Dieses Buch stellt uralte Mythen vor, die im Kaukasus über Jahrtausende gesungen und weitererzählt wurden. An vielen Stellen wird man an altnordische oder griechische, an persische oder indische Sagen erinnert. Das kaukasische Epos, das auf skythische Götter und auf die Stämme der Alanen zurückgehen soll, ist ein erstaunliches Zeugnis für indoeuropäische Verwandtschaften in der Sagenwelt. Und es ist das Vermächtnis des kleinen ossetischen Volkes, in dessen Gedächtnis es die Zeiten überdauert hat.

Der Nartenzyklus ist eine Sammlung von Sagen und Mythen, die an das tragische Geschehen keltischer, griechischer oder auch germanischer Mythologie erinnern – mit märchenartigen Einflüssen aus verschiedenen Epochen. Die Narten selbst waren ein mystisches Volk aus dem Kaukasus, wahrscheinlich ein Teil der skythischen Kultur. (Vgl. EM 01-04 und EM 02-04).

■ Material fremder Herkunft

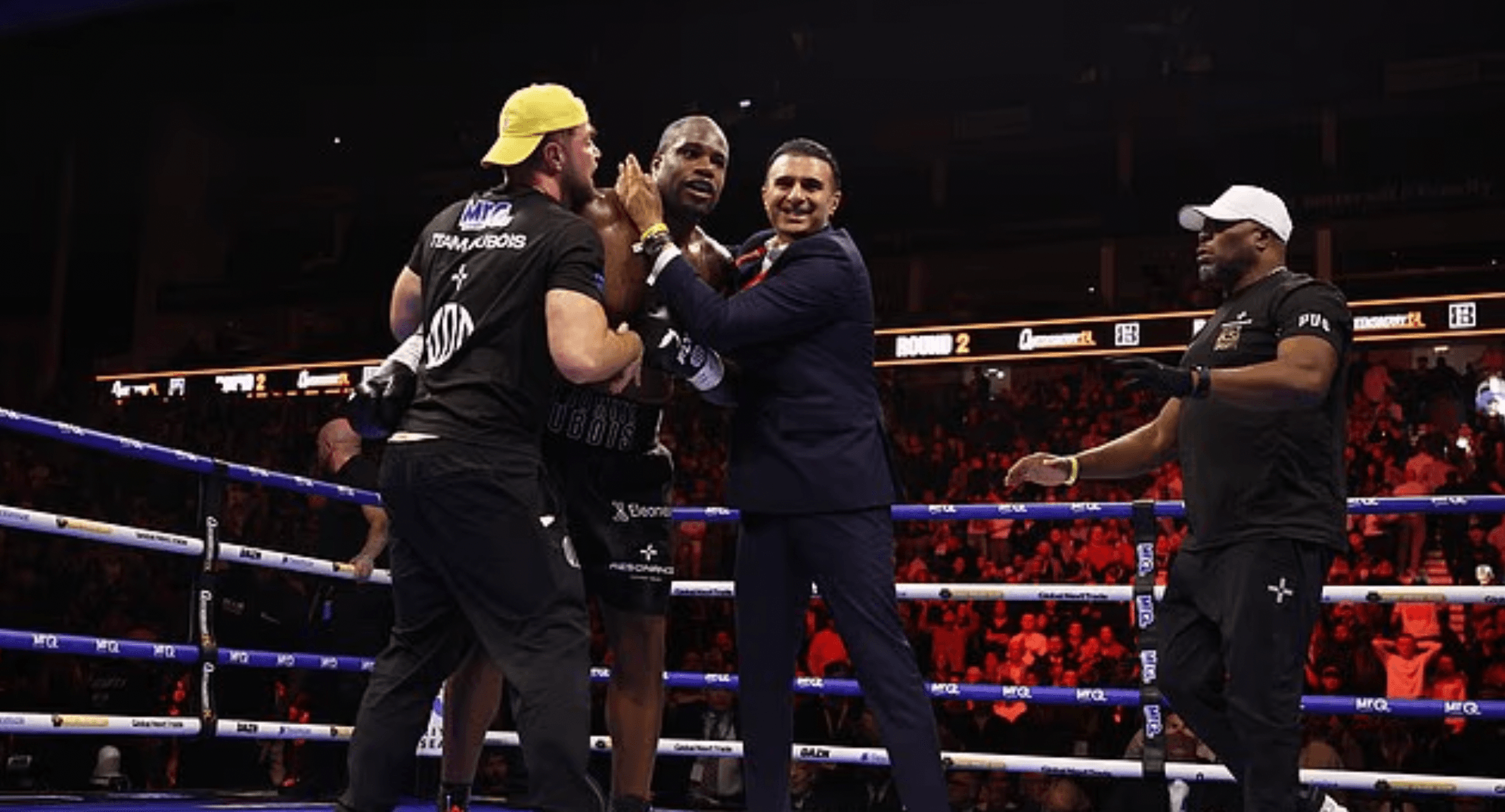 Daniel-Dubois.png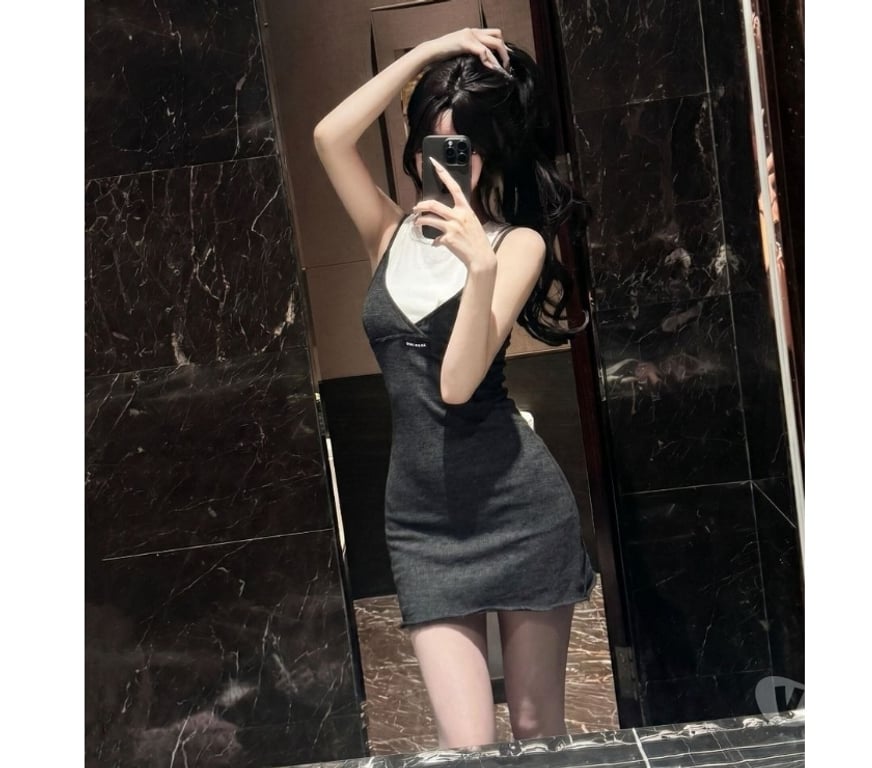 Escorts Lancashire Preston - Photos for 💋❤️Asian girl new in your town. NO RUSH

André Sikojev schreibt: „Aus den Bergen des Kaukasus, so wurde uns überliefert, zogen einst die unter dem Morgenstern geborenen mythischen Heldenzwillinge Achsar und Achsartag zum Ufer des Meeres, einer Blutspur folgend. Ungesühnte Schuld ließ sie sich, nach der glücklichen Hochzeit des Jüngeren, gegenseitig erschlagen.“ (Siehe weiter unten, „Urismag, Sohn einer Nymphe…“). Mit diesen ganz im Epenstil gewählten Worten leitet André Sikojev seinen Versuch einer Deutung der Nartensaga ein. Der 1961 in Moskau als Sohn eines Osseten und einer Deutschen geborene Autor, Geistlicher der Russischen Orthodoxen Kirche, hat das Narten-Epos erstmals aus einer russischen Fassung, die es seit 1948 neben einer ossetischen gab, ins Deutsche übertragen.

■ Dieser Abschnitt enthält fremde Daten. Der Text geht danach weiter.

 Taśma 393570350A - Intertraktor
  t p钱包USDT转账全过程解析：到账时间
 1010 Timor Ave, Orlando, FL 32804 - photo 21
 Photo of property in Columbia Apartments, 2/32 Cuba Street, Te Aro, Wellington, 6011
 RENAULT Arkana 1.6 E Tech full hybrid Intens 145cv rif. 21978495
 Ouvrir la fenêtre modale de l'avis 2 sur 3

Die Nartensagen entstanden im heutigen Siedlungsgebiet der Osseten

„Wer waren die Narten?“, fragt Sikojev, „die Helden jener über mehrere Menschheitsepochen überlieferten Sagen“. Er zitiert den französischen Wissenschaftler Georges Dumézil: „An den nördlichen Hängen der kaukasischen Kette, in den fruchtbaren oder sandigen Ebenen, die von Europa her an diese angrenzen, auf dem schmalen, mit üppiger Vegetation bedeckten Küstenstreifen, der die Berge vom Schwarzen Meer trennt, in den Engpässen und Schluchten, durch welche die Wasser des Kuban, des Terek und eine Vielzahl kleinerer Flüsse strömen, fand ein höchst interessantes Mosaik von Völkern der Alten Welt ihren Platz.“

Dort, im Zentrum des Gebirgsrückens, leben heute die Osseten, ein Volk von etwa 400.000 Seelen. Sie seien direkte Abkömmlinge der Alanen, führt Sikojev aus, und – über diese – die einzigen, heute noch existierenden Nachfahren der Skythen, „jenes Reiternomadenvolks aus der einst großen Gruppe der Indoiranier“. Die Nartensagen seien hier im Siedlungsgebiet der Osseten entstanden. Im gesamten nördlichen Kaukasus habe man sie einst erzählt und gesungen.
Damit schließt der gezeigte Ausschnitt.